La machine DeepL

Par Julian Turnheim, étudiant M2 TSM

 

Automne 2007 : les feuilles mortes quittent leurs branches et viennent se poser avec douceur sur le sol encore froid et humide. Pendant ce temps-là, un homme, Dr. Gereon Frahling, ancien employé de chez Google, repère un marché de niche et cherche à développer son idée. Il quitte le géant américain pour lancer, en un an et demi, avec son associé Leonard Fink, leur start-up : le dictionnaire bilingue Linguee. Après dix-huit mois de travail acharné et des tonnes de pizzas, le résultat est impressionnant.

L’objectif de Linguee ? Dr. Frahling l’explique comme suit : « Un moteur de recherche de traductions ouvert à tous. Si quelqu’un a un problème pour traduire une phrase en particulier, il peut vérifier sur Linguee si un traducteur quelque part dans le monde a déjà traduit exactement cette même phrase. Et ensuite, il peut s’orienter par rapport à cette traduction. » (Traduit de l’allemand) Est-ce la racine de DeepL ?

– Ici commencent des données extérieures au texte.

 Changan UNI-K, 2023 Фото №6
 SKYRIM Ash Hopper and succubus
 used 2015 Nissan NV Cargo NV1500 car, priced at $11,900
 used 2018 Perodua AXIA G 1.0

Dix ans plus tard, Lee Turner Kodak, responsable communication chez DeepL, tient dans ses mains le tout premier Prix Honorifique pour l’IA d’Allemagne. Linguee a bien grandi. D’ailleurs, l’entreprise Linguee GmbH ne s’appelle plus Linguee mais DeepL GmbH. En effet, entre temps, l’entreprise a lancé, en 2017, le traducteur automatique DeepL. Ce nouveau traducteur automatique a eu l’effet d’une bombe dans le monde de la traduction. Personne ne pouvait imaginer que, dès sa sortie, ce petit nouveau mettrait dans l’embarras le géant Google Traduction.

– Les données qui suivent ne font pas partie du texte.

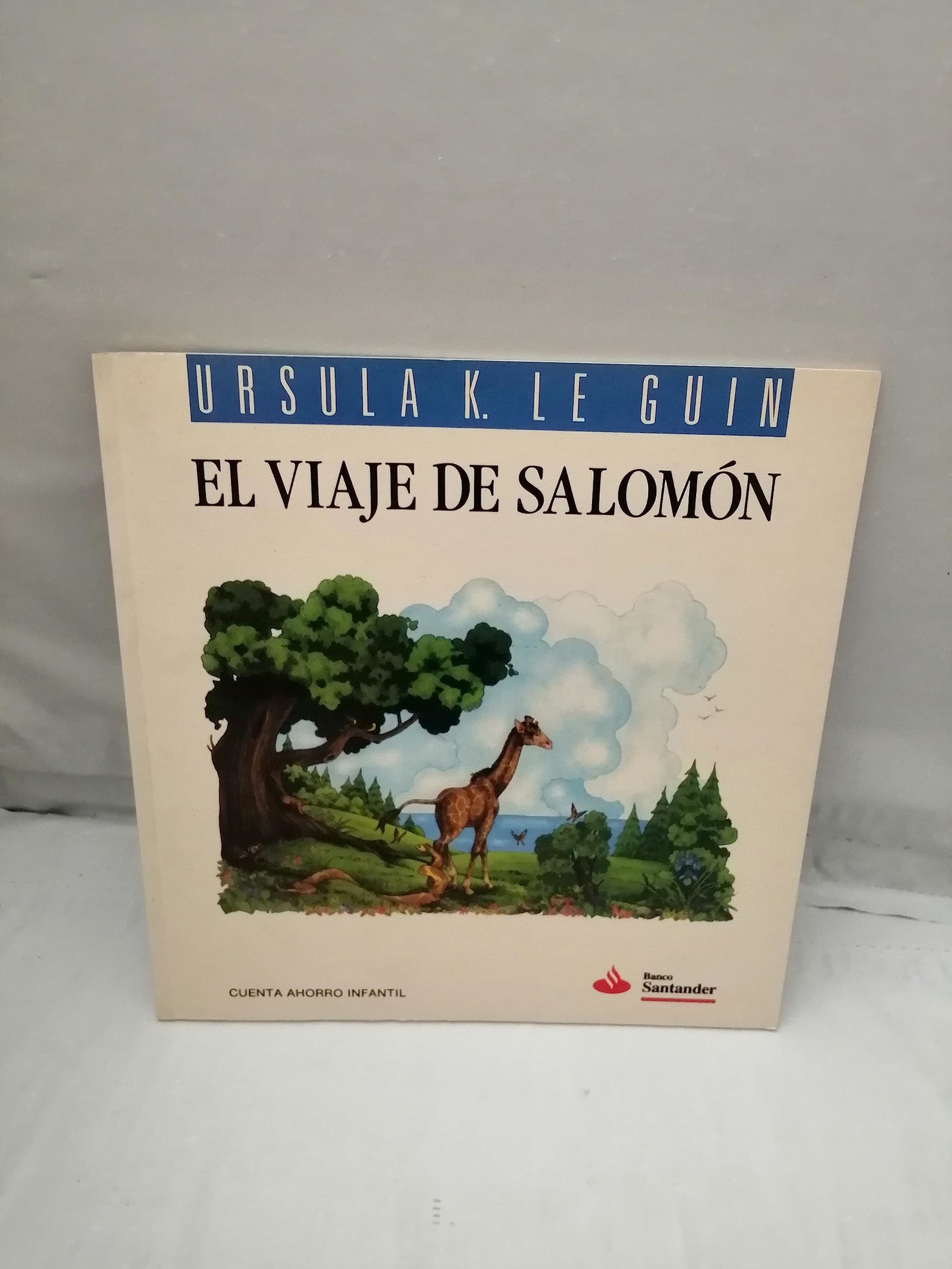 Viaje de salomon, el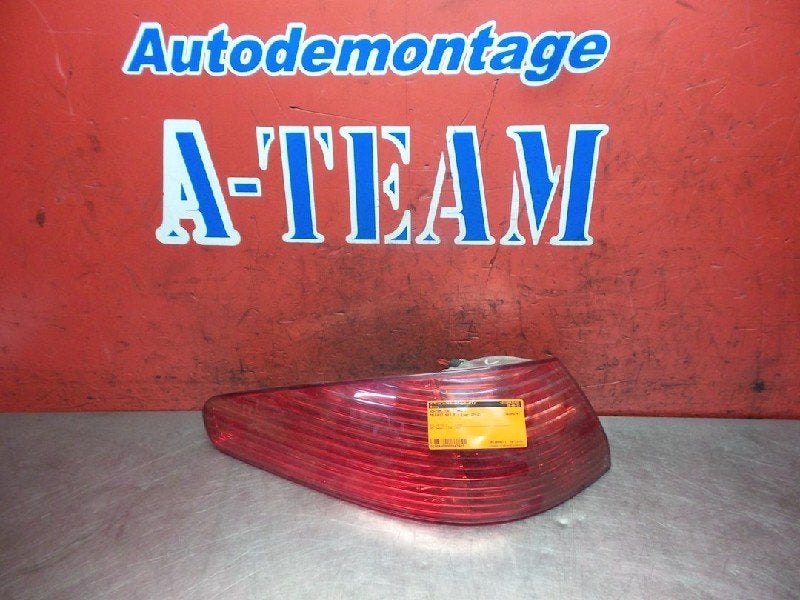 ACHTERLICHT LINKS Peugeot 607 (9D / U) (01-1999/07-2011), Gebruikt, Peugeot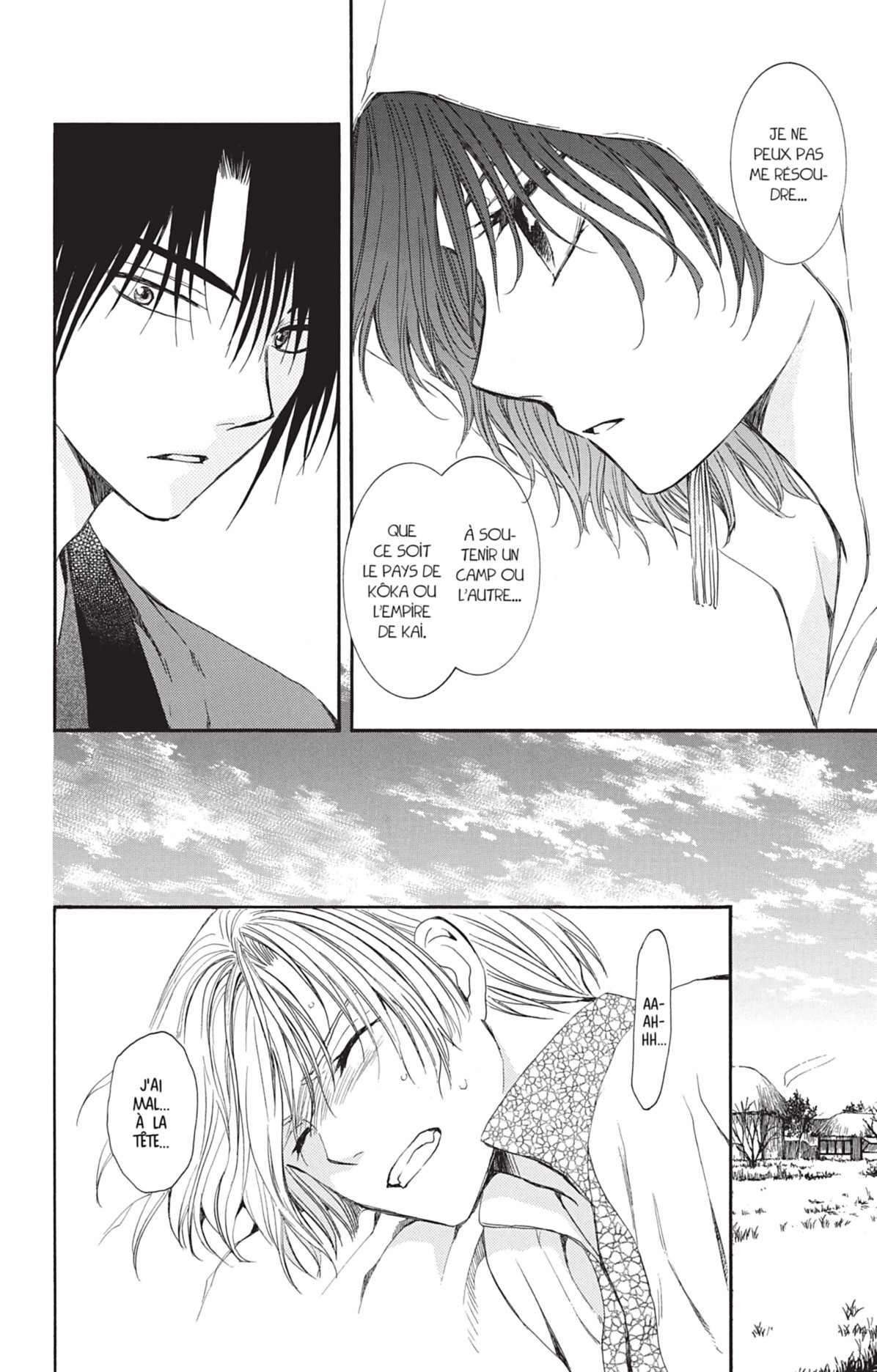 Read Akatsuki no Yona FR Manga Online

C’est de ce petit nouveau, plus si nouveau et plus si petit que ça, finalement, que je voudrais vous parler.

 

Comment utiliser la bête ?

DeepL peut être utilisé gratuitement et sans qu’un enregistrement soit nécessaire. Vous pouvez soit coller le texte à traduire dans le champ dédié, soit téléverser directement votre document texte ou diaporama, grâce à l’option « Traduire un document ». Toutefois, la version gratuite ne permet d’obtenir que des documents en lecture seule, dont vous ne pourrez copier que le texte brut. De plus, il n’est pas possible de corriger la traduction, alors que cela est possible sur la plateforme.

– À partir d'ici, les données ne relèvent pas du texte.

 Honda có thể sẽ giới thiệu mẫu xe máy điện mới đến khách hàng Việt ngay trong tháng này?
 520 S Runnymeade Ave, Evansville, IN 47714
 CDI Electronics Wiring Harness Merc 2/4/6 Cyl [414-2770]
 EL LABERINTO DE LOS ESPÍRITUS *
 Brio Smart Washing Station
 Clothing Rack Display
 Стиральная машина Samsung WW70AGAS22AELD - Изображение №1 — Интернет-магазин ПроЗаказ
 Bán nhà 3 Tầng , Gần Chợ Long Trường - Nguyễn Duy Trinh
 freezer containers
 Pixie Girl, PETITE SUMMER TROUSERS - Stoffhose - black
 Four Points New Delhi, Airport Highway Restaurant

Il est possible de coller un maximum de 5000 caractères dans le champ dédié, mais il n’y a pas de limite de taille pour les documents téléversés. La version gratuite n’est pas forcément adaptée aux exigences des traducteurs professionnels, car le texte que vous insérerez sur la plateforme sera conservé par DeepL, ce qui peut poser quelques problèmes de confidentialité. Mais pas d’inquiétude ! Pour les traducteurs, la version professionnelle de DeepL existe sous la forme d’un plug-in pouvant être intégré à de nombreux outils de TAO, tels que SDL Trados Studio et MemoQ. Cette version professionnelle ne conservera pas les données saisies.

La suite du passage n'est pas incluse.